Give back exactly the lines from the one that includes "Multione EZ 8 Ładowarki burtowe" to the last line below, both included, and no further lines.

** DATA BELOW follows **

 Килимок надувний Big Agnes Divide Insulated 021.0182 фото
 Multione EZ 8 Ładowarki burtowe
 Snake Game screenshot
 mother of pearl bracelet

** End of DATA BELOW **

* [ANSWER FOR THIS EXERCISE]
 Multione EZ 8 Ładowarki burtowe
 Snake Game screenshot
 mother of pearl bracelet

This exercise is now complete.